Task details
Reproduce only the lines below from the line containing "File:Flowers on Bridges" to the line containing "Border Tuteurs - Solid", exactly as written, with both end lines kept. Omit the pictures.

Raw data
____________________

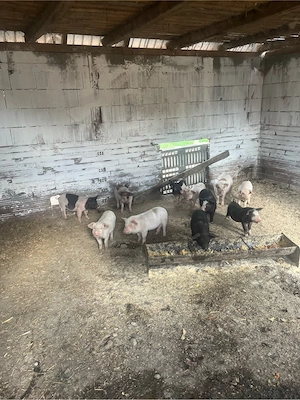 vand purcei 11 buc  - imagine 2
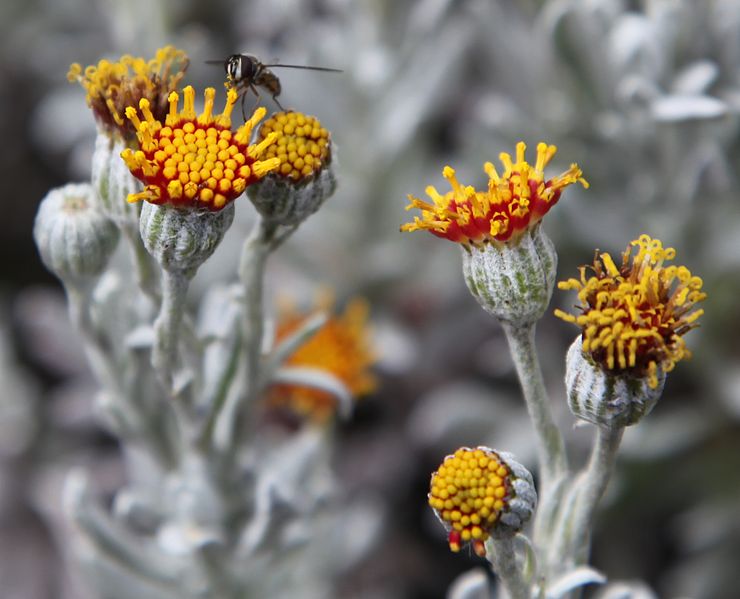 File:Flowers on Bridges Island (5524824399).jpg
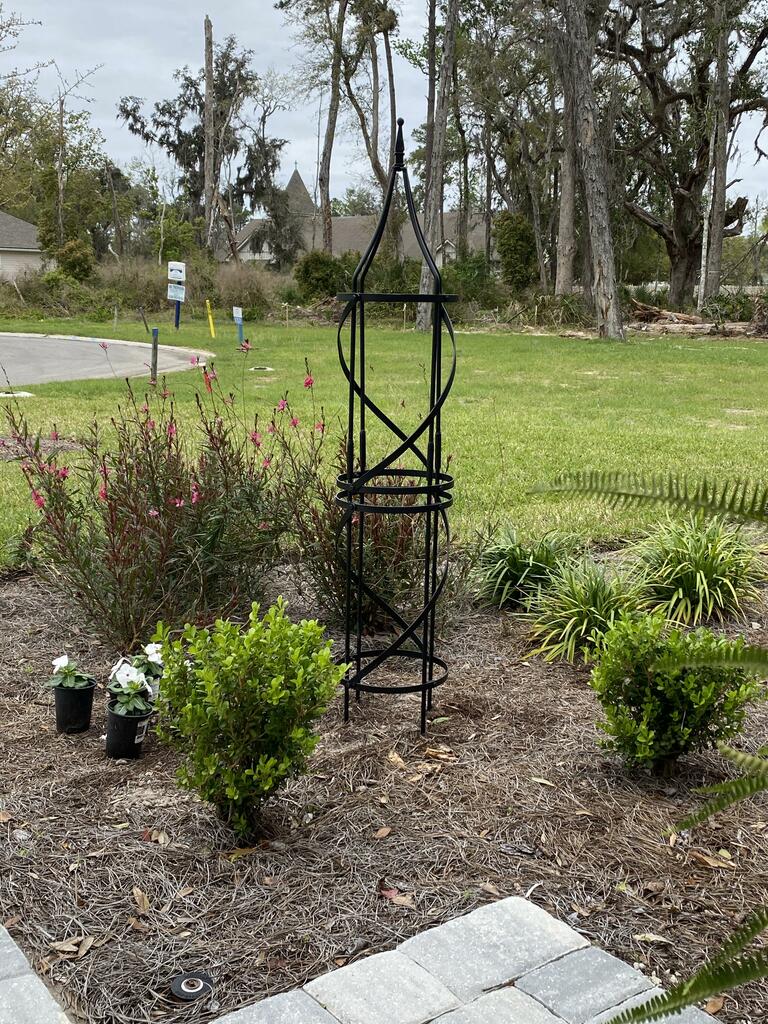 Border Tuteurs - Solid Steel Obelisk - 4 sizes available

____________________

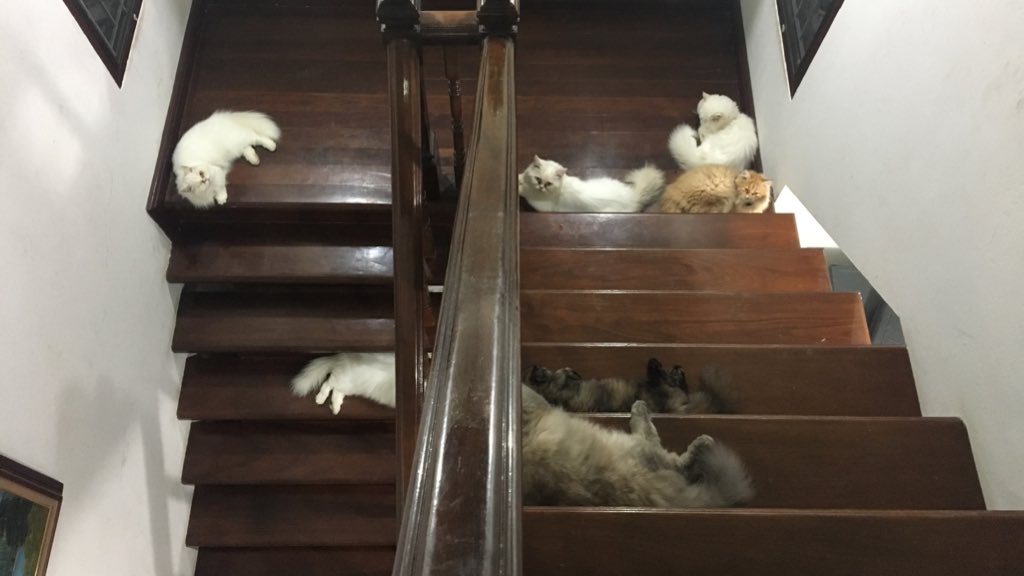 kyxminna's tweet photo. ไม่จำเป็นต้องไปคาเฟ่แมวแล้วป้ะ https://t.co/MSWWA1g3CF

____________________

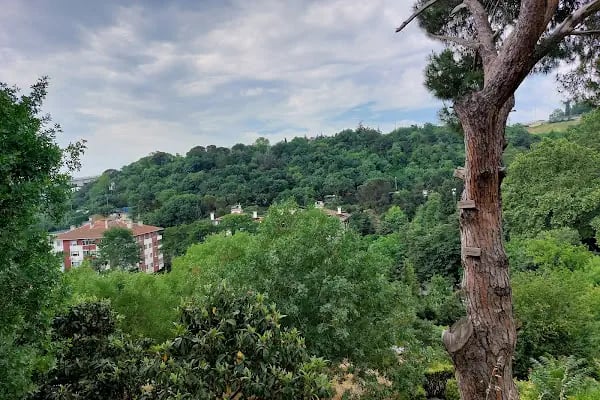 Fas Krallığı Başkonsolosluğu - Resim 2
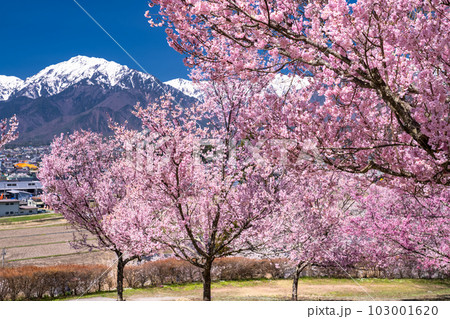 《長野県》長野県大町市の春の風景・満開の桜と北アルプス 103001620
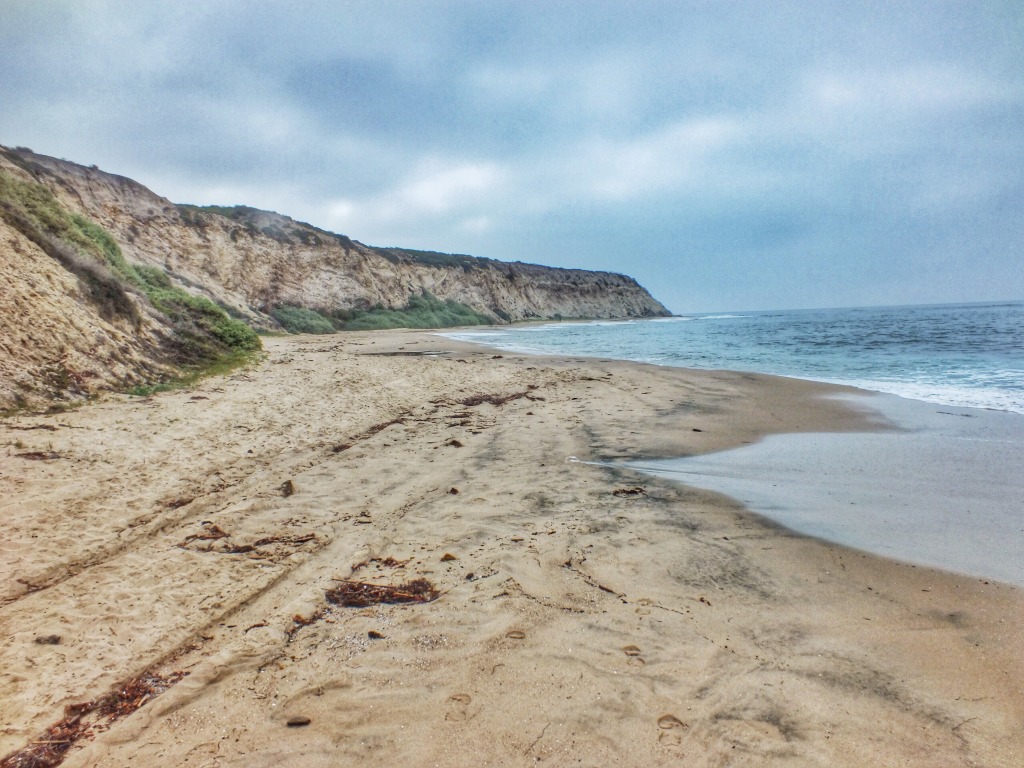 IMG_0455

____________________

Answer below
 File:Flowers on Bridges Island (5524824399).jpg
 Border Tuteurs - Solid Steel Obelisk - 4 sizes available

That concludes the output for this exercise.